Vatican City (AsiaNews) – Pope Francis made another appeal this morning to Israelis and Palestinians at the end of the general audience held in the Paul VI Hall in the Vatican.
“I hope that the truce underway in Gaza might continue, so that all the hostages might be freed, and the necessary humanitarian aid might be able to enter,” the pontiff said.
Due to his lung inflammation that forced him to cancel his visit to Dubai for COP28, he delegated the reading of today’s catechesis to Mgr Monsignor Filippo Ciampanelli, an official of the Secretariat of State.
“May we please continue to pray for the serious situation in Israel and Palestine,” the Pope noted. “Peace, please, peace,” he insisted. “I heard that the local parish doesn’t have water; people don't have bread. Ordinary people are suffering; the people are suffering. Those who make war are not the ones suffering. Let us ask for peace.”
Also “Let us not forget, while asking for peace, the dear Ukrainian people, who are suffering a lot and still fighting a war,” Francis added. “War is always a defeat,” he lamented. “Everyone loses. Well, not everyone – there's a group that earns a lot. Those who make weapons. They earn a lot from the deaths of others.”
Continuing the cycle of reflections on apostolic zeal in evangelization, Francis focused in the catechesis on another aspect of the Christian proclamation: its being alive for today.
“One almost always hears bad things being said about today. Certainly, with wars, climate change, worldwide injustice and migration, family and hope crises, there is no shortage of cause for concern.”
“We could even say that we find ourselves in the first civilization in history that globally seeks to organize a human society without the presence of God, concentrated in huge cities that remain horizontal despite their vertiginous skyscrapers.”
In this regard, the pope cited the biblical account of the city of Babel and its tower (cf. Gen 11:1-9). “This story really does seem topical: even today, cohesion, instead of fraternity and peace, is often based on ambition, nationalism, homologation, and techno-economic structures that inculcate the persuasion that God is insignificant and useless: not so much because one seeks more knowledge, but above all for the sake of more power. It is a temptation that pervades the great challenges of today’s culture.”
Faced with this context, in Evangelii Gaudium, Francis already called for “an evangelization capable of shedding light on these new ways of relating to God, to others and to the world around us, and inspiring essential values.”
For the pontiff, “There is therefore no need to contrast today with alternative visions from the past. Nor is it sufficient to simply reiterate acquired religious convictions that, however true, become abstract with the passage of time. A truth does not become more credible because one raises one’s voice in speaking it, but because it is witnessed with one’s life.

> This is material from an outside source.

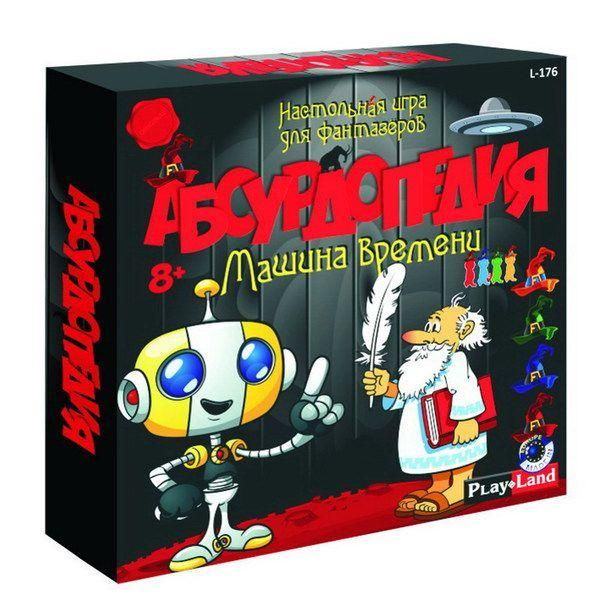 Play Land Monopoly LTD L-176 Игра настольная Абсурдопедия: Машина времени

This attitude teaches us to “look at our age and our culture as a gift. They are ours, and evangelizing them does not mean judging them from afar, nor is it standing on a balcony and shouting out Jesus’ name, but rather going down onto the streets, going to the places where one lives, frequenting the spaces where one suffers, works, studies and reflects, inhabiting the crossroads where human beings share what has meaning for their lives.
Last but not least, “Let us make Jesus’ desire our own: to help fellow travellers not to lose the desire for God, to open their hearts to Him and find the only One who, today and always, gives peace and joy to humanity.”